Q&A: Courtney Heldreth and Michal Lahav on Addressing Inequitable Speech Recognition: It takes a community

Published in

People + AI Research

7 min readMar 8, 2022

Expressive hand-drawn portrait of Courtney Heldreth, a woman with braids and Michal Lahav, a woman with long wavy hair — Illustration for Google by Julianna Brion

Courtney Heldreth and Michal Lahav lead the Equitable ASR program at Google that aims to identify and eradicate biases in voice technologies. Michal is a Senior User Experience Researcher who leads a program to identify and address communication needs of underrepresented communities. Courtney is a social psychologist and Staff User Experience Researcher at Google who leads a program focused on reducing racial inequalities in artificial intelligence. In this interview, we discuss Courtney and Michal’s work on equitable speech recognition, especially AI products’ historical difficulties in parsing African-American language. This Q&A was collaboratively edited with David Weinberger.

Q: What inspired you to focus specifically on addressing issues of equity in voice technologies?

Michal: This was all catalyzed by a recent article in the Proceedings of the National Academy of Science that showed that African Americans experience almost twice as many errors as white people when using technologies that turn spoken language into text — technology known as Automated Speech Recognition, or ASR. As we read these findings, we got inspired to investigate the psychological and behavioral effects of these errors. We reached out to one of the authors on the paper, Zion Mengesha, who is a PhD candidate at Stanford who studies sociolinguistics and language attitudes toward African American Vernacular English. Given her expertise, we asked her to join our team as our subject matter expert.

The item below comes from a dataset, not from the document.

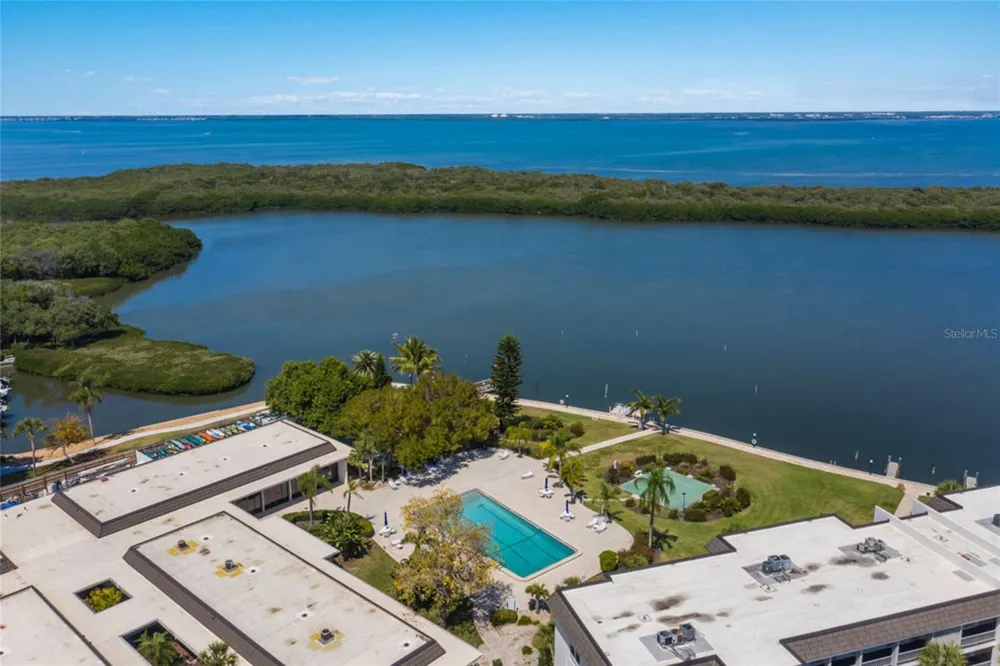 4370 CHATHAM DRIVE #304 Longboat Key, FL 34228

Courtney: Michal and I are passionate about building products that everyone can use, so understanding how these errors occur and the impact that they have on African American users will help us design ASR systems that are more inclusive.

Michal: So we set out a research plan. As a first step, we conducted a diary study where we asked for ongoing feedback from thirty African American users of voice technology from cities with historically high African American populations over the course of 2 weeks. They provided us in-the-moment feedback on the errors they experienced with voice tech and what they did behaviorally in response to those errors. This work was recently published in Frontiers for Artificial Intelligence, a special issue on Bias, Subjectivity and Perspectives in Natural Language Processing.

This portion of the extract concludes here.